● Given material
--- START ---

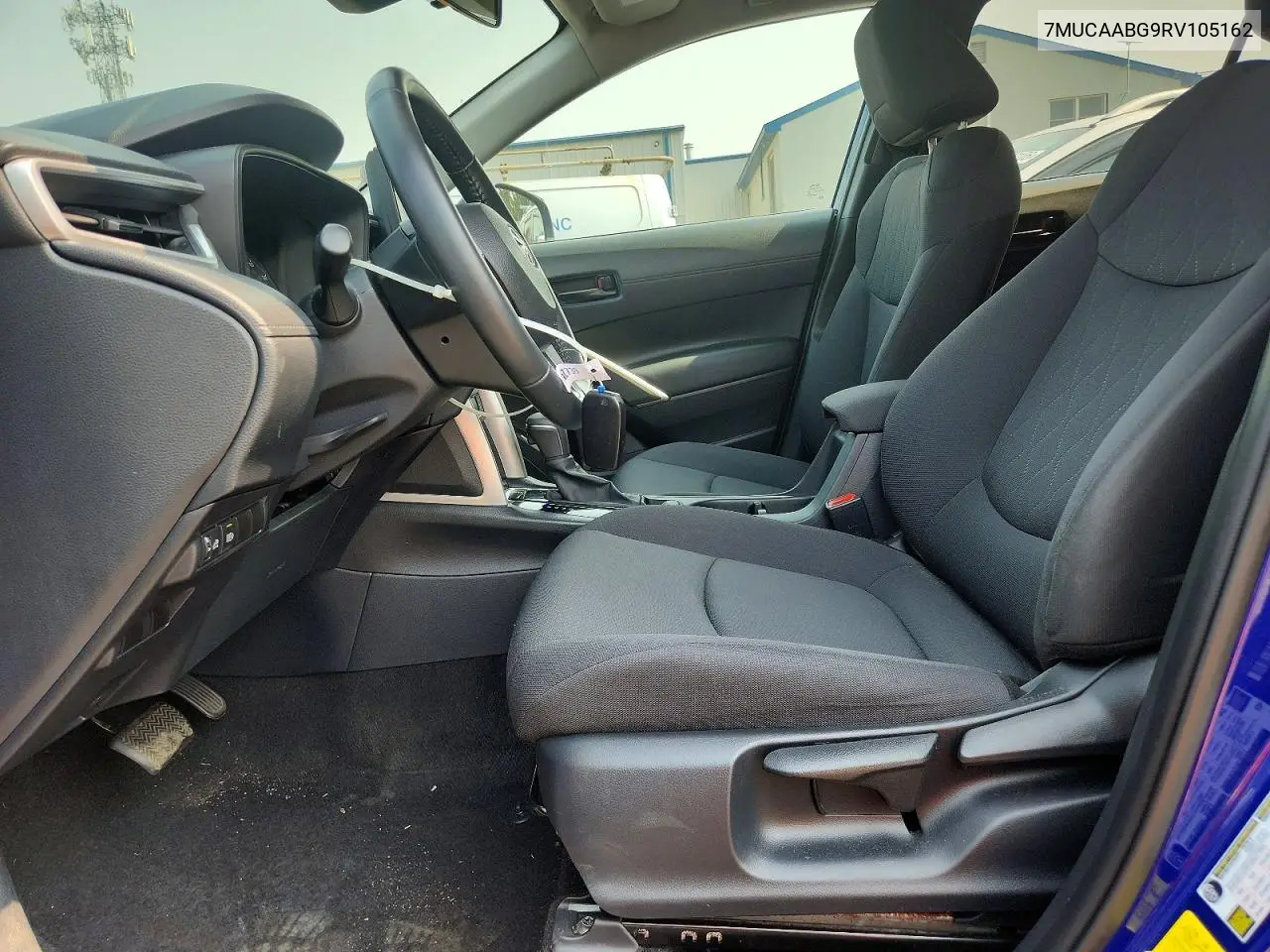 2024 Toyota Corolla Cross Le VIN: 7MUCAABG9RV105162 Lot: 61315536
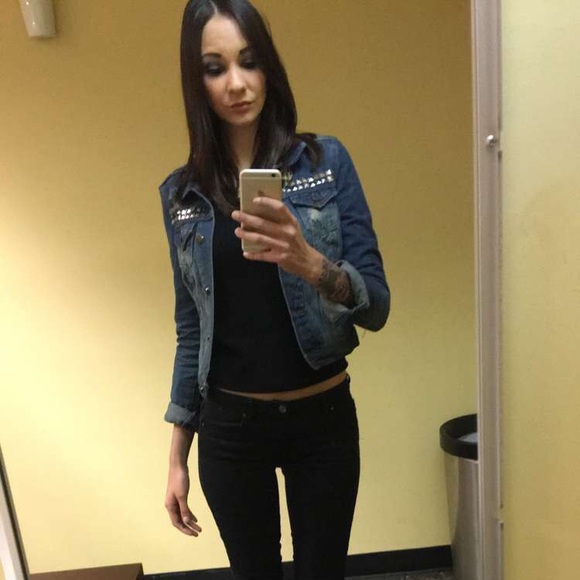 Meet your Posher, Ashley - Picture 3 of 4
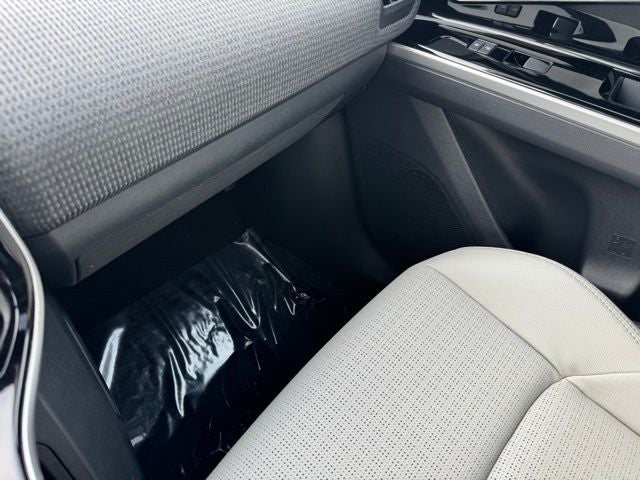 2024 Toyota bZ4X Limited AWD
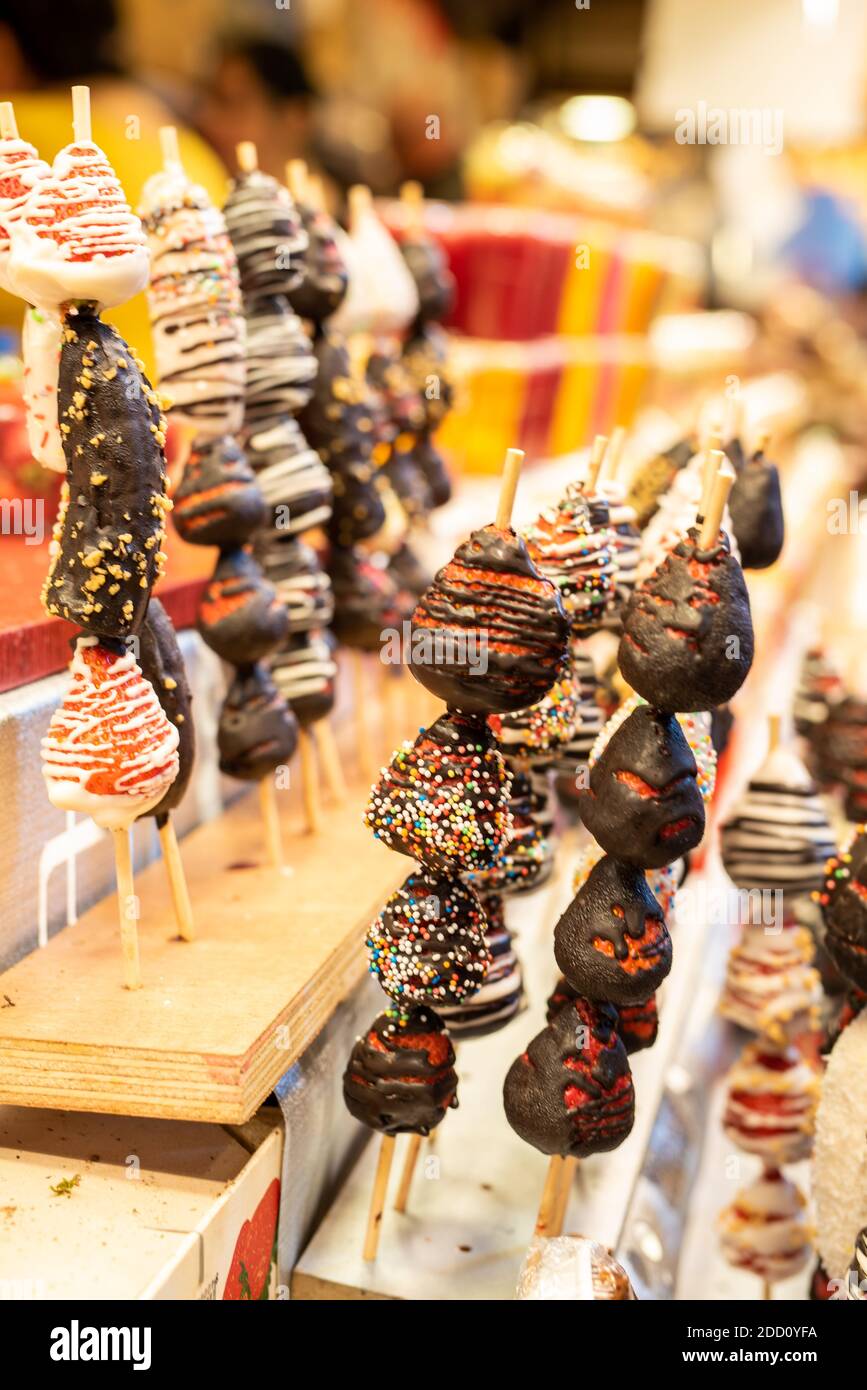 Fraises enrobées de chocolat, en-cas sucrés sur le marché de la rue Banque D'Images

--- END ---

● Your objective
Each line from the one containing "2024 Toyota bZ4X Limited AWD" through the last line above should be retyped exactly, and no other line. Any picture is to be left out.

● Answer area
 2024 Toyota bZ4X Limited AWD
 Fraises enrobées de chocolat, en-cas sucrés sur le marché de la rue Banque D'Images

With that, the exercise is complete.